Some are hopeful while others sound words of caution – among them is Jim Enright, Southeast Asia Coordinator of the Mangrove Action Project.
He says in an interview: “We see great emphasis on building new, even more infrastructure in the coastal areas than even pre-tsunami, if you go to places in Phuket Island, you’ll be amazed to see all the new infrastructure that is being built. So I think the lessons have not been learnt…”
The documentary ends on an optimistic note: “The good news is that more and more local communities and activists are taking up these challenges. Their efforts offer some hope for the beleaguered greenbelts of Asia.”
Armed by Nature and the accompanying TV series will soon be backed by online and print material that provide further information, analysis and links.
Meanwhile, TVE Asia Pacific is offering this series to TV broadcasters, educational institutions and civil society groups anywhere in the world without any license fee or royalty. Only tape copying and dispatch costs will be recovered. Contact:

Armed by Nature is entirely an effort by Asian TV professionals, from conceptualisation to post-production. Stories were filmed by locally-based, internationally credentialed TV professionals under TVE Asia Pacific’s direction. Click here for full credits.
“We are delighted to once again brought together a highly talented group of TV journalists and film-makers who are locally based nationals in these countries,” says Manori Wijesekera, TVE Asia Pacific’s Regional Programme Manager who production managed the effort. “Working with these colleagues has made our series more authentic and credible. Thanks to them, we filmed interviews in a dozen Asian tongues, and accessed locations and stories not easily found by visiting foreign film crews.”
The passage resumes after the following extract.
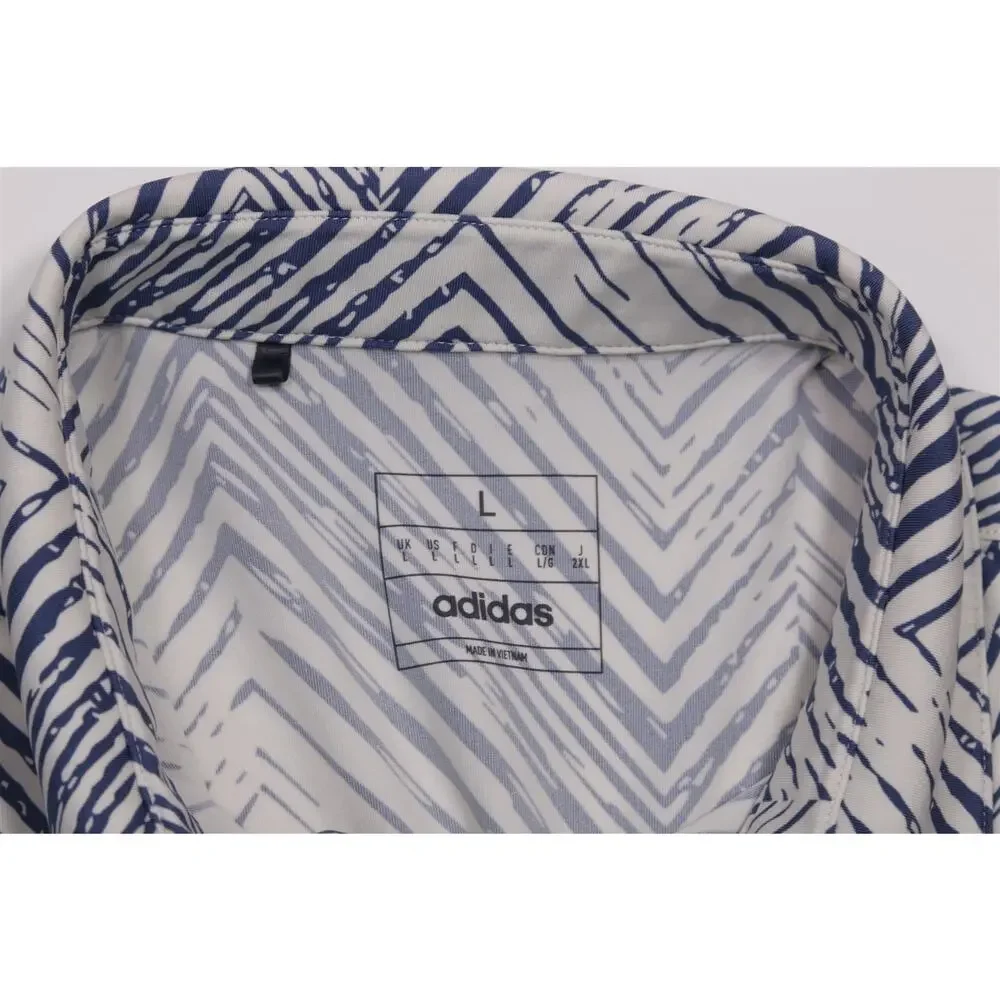 Adidas Golf Woodlands Country Club Blue White Herringbone Polo Shirt Large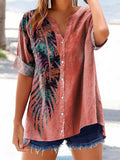 Women's Botanical Pattern Art Print Cotton Linen Casual Shirt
The Greenbelt Reports was researched and produced in consultation with a large number of local, national and regional conservation organizations and research institutes. Among them: M S Swaminathan Research Foundation of India, IUCN – The World Conservation Union, UNEP Regional Office for Asia and the Pacific, Mangrove Action Project, and Wetlands International.
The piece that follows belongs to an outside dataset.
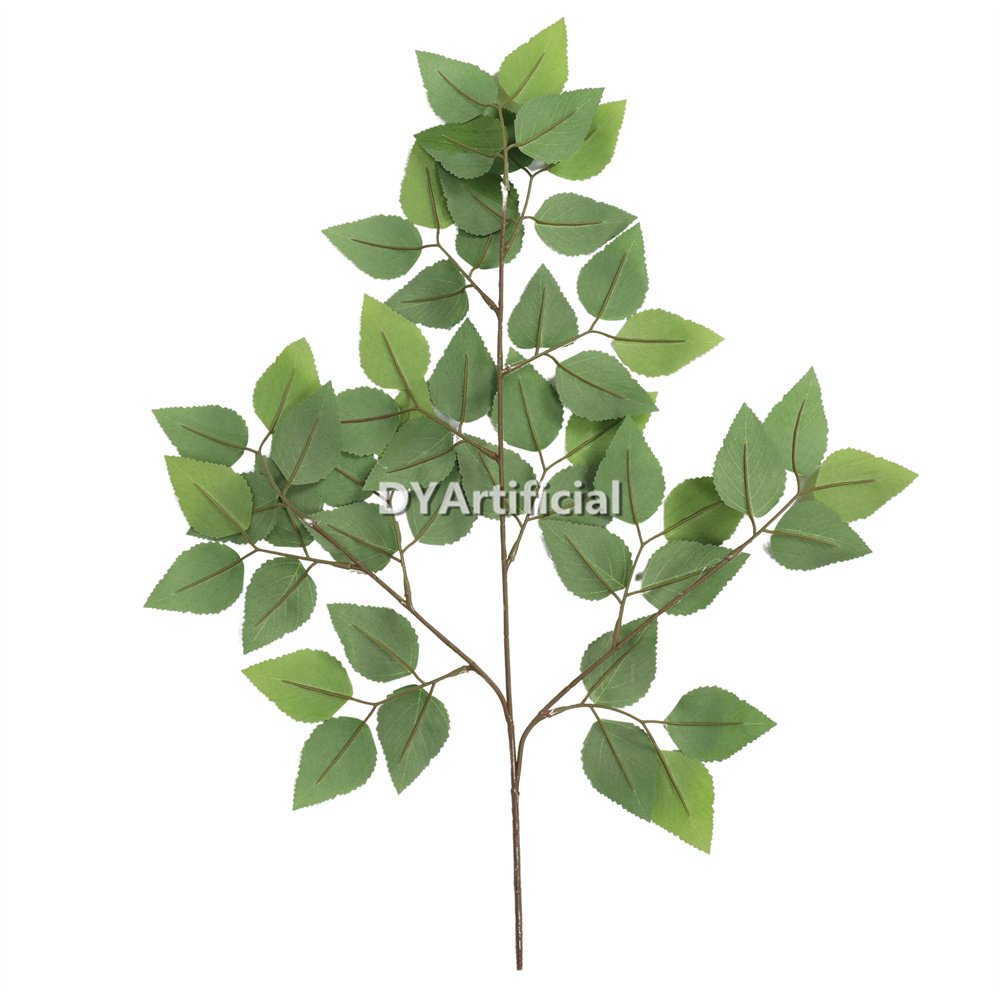 Green Color Birch Tree Leaf 60CM Length Fire Retardant - DYArtificial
The Greenbelt Reports received the financial support from several conservation organisations, development agencies and media companies. These include the Japan Fund for Global Environment and the Green Coast Project, administered by IUCN Sri Lanka and financed by Oxfam Novib.
The Nation Broadcasting Corporation of Thailand was a co-producing partner for the three stories filmed in Thailand.
Even as it distributes Armed by Nature and the 5-minute film series regionally and globally, TVE Asia Pacific will soon commence research and development on the second series of The Greenbelt Reports. It welcomes more stories, partnerships and offers of support.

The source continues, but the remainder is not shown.